HR 676 would give us a net of 2.6 million new jobs. In other words, it would be a more effective economic stimulus than much of what we have recently funded for that purpose. This report explains:
Here are 10 great reasons to support HR 676, the U.S. National Health Insurance Act: http://guaranteedhealthcare4all.org/sites/default/files/10-Reasons.pdf
1. Everybody In, Nobody Out. Universal means access to health care for everyone, period.
2. Portability. If you are unemployed, or lose or change jobs, your health coverage stays with you.
3. Uniform Benefits. No Cadillac plans for the wealthy and Pinto plans for everyone else, with high deductibles, limited services, caps on payments for care, and no protection in the event of a catastrophe. One level of comprehensive care for everyone, regardless of the size of your wallet.
4. Prevention. By removing financial roadblocks, a universal health system encourages preventive care that lowers an individual’s ultimate cost and pain and suffering when problems are neglected and societal cost in the over-utilization of emergency rooms or the spread of communicable diseases.
5. Choice. Most private insurance restricts your choice of providers and hospitals. Under the U.S. National Health Insurance Act, patients have a choice, and the provider is assured a fair payment.
6. No Interference with Care. Caregivers and patients regain their autonomy to decide what’s best for a patient’s health, not what’s dictated by the billing department. No denial of coverage for pre-existing conditions or cancellation of policies for “unreported” minor health problems.
7. Reducing Waste. One third of every private health insurance dollar goes for paperwork and profits, compared to about 3% under Medicare, the federal government’s universal system for senior citizen healthcare.
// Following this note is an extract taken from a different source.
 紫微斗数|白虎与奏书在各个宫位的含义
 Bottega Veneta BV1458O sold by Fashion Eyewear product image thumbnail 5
8. Cost Savings. A guaranteed health care system can produce the cost savings needed to cover everyone, largely by using existing resources without the waste. Taiwan, shifting from a U.S. private health care model, adopted a similar system in 1995, boosting health coverage from 57% to 97% with little increase in overall health care spending.
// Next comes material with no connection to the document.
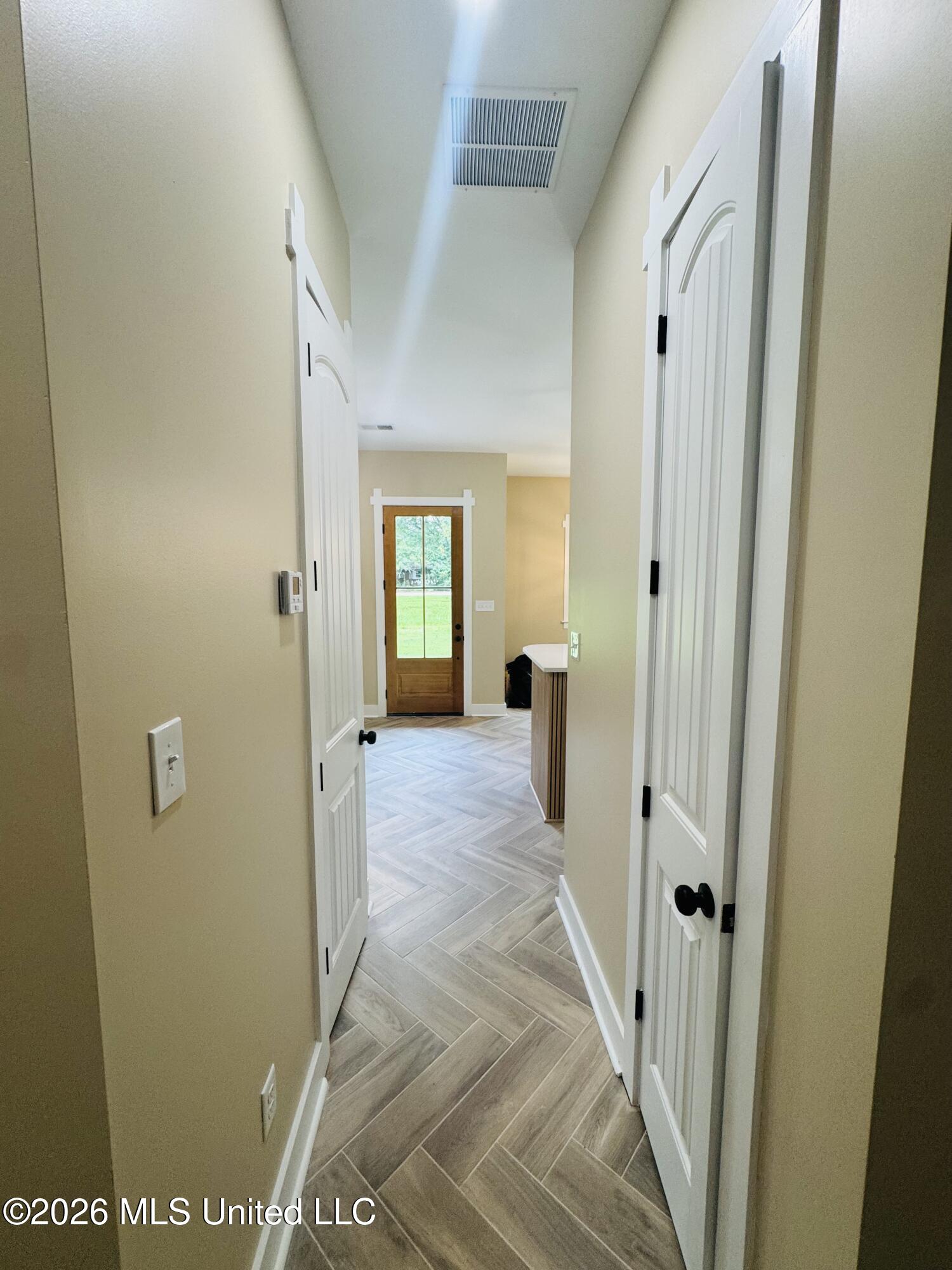 350 Taska Road Property Photo 14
9. Common Sense Budgeting. The public system sets fair reimbursements applied equally to all providers, private and public, while assuring that appropriate health care is delivered, and uses its clout to negotiate volume discounts for prescription drugs and medical equipment.
10. Public Oversight. The public sets the policies and administers the system, not high priced CEOs meeting in private and making decisions based on their company’s stock performance needs.